_Information shown_
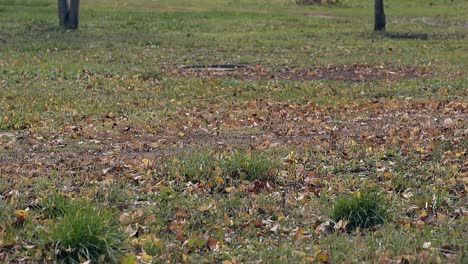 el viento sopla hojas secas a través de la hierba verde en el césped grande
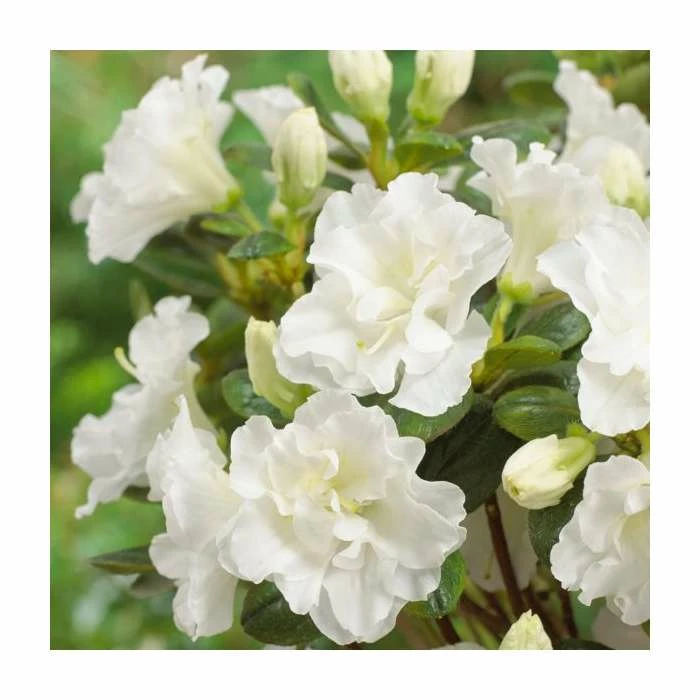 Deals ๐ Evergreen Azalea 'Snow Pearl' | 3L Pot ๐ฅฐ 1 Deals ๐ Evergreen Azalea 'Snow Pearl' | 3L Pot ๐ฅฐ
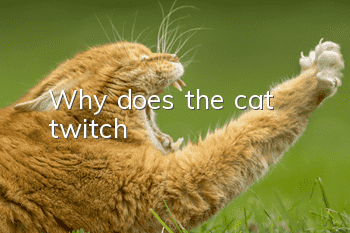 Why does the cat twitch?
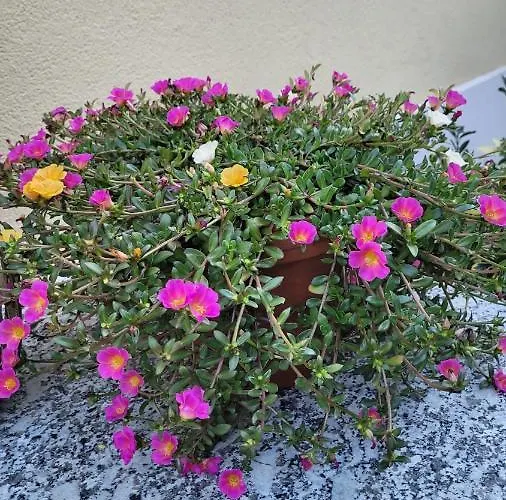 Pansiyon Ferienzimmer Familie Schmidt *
==
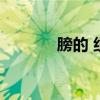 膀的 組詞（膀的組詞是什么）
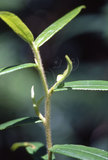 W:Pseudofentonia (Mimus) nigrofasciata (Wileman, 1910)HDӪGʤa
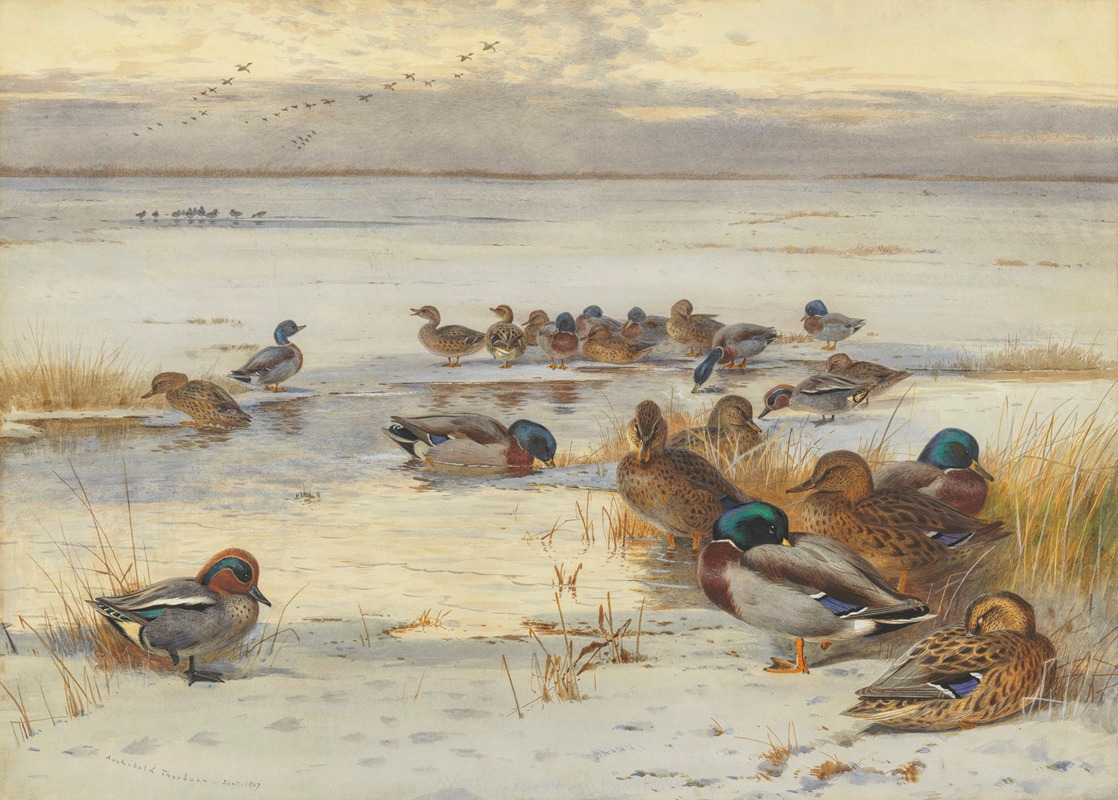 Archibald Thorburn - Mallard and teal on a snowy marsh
==
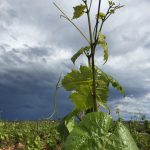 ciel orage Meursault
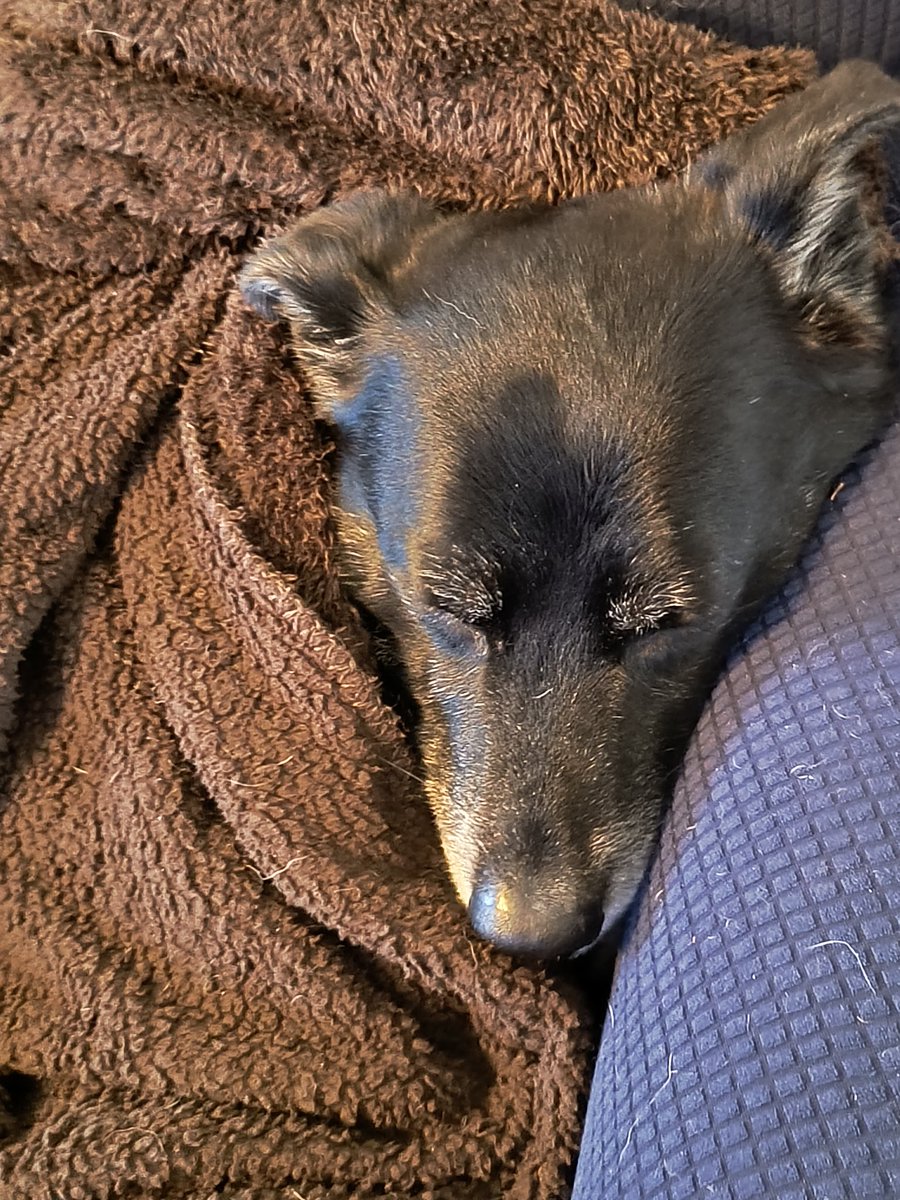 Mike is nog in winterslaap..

_Task prompt_
Everything from the line above that contains "ciel orage Meursault" down to the line that contains "Mike is nog in winterslaap.." must be reproduced exactly, both ends included. Omit the pictures.

_Reply_
 ciel orage Meursault
 Mike is nog in winterslaap..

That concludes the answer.